Piezo
Italian-born Luca Mucci spent three years in Bristol, UK, soaking up the local music culture while working at instrument company Modal Electronics as a product specialist. Influenced by early trip-hop and IDM pioneers Aphex Twin and Autechre, his early dancefloor productions were pervaded by elements of breakcore, with particular emphasis on rhythm and percussive sampling. Following releases as Piezo on Idle Hands, Version, Wisdom Teeth and his own Ansia label, Mucci releases his debut full-length on Milan’s Hundebiss. Titled Perdu, the album is an extraordinarily hi-tech blend of dirty lo-fi beats and sub-frequencies, driven by Mucci’s insatiable thirst for complex sound design. A certified Ableton trainer, his production process is a constant trade-off between creativity and technique.

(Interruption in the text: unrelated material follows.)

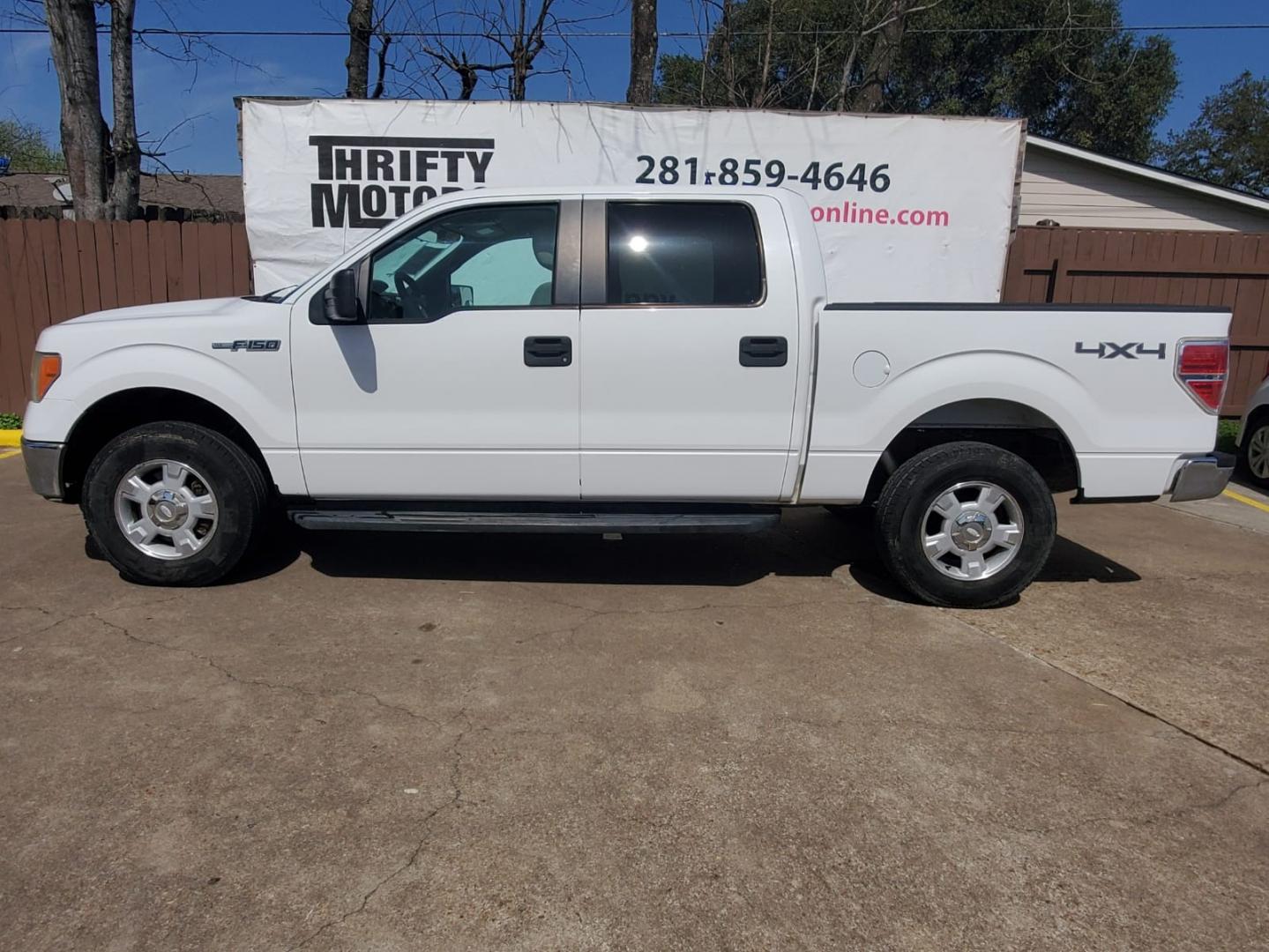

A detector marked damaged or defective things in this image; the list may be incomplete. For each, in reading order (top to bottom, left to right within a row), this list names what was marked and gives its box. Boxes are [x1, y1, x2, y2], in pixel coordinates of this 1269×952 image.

crack in concrete [287, 710, 472, 948]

Your debut album, Perdu, seems to have a strong identity, but did it take a while to find your sound?
“Thank you for saying my music has a strong identity because it’s something I’ve really struggled with. I actually thought that the music on this album might be too varied or diverse in terms of BPM and style. Some of it contains very clean, digital, bleepy stuff, but there’s also lots of distorted, almost lo-fi tunes. Maybe without realising it, it has an identity, but for me an album cannot have a single style because I always get bored making music and need to keep myself entertained.”
Maybe it’s that the identity is an expression of a side of your personality which goes beyond its stylistic construction?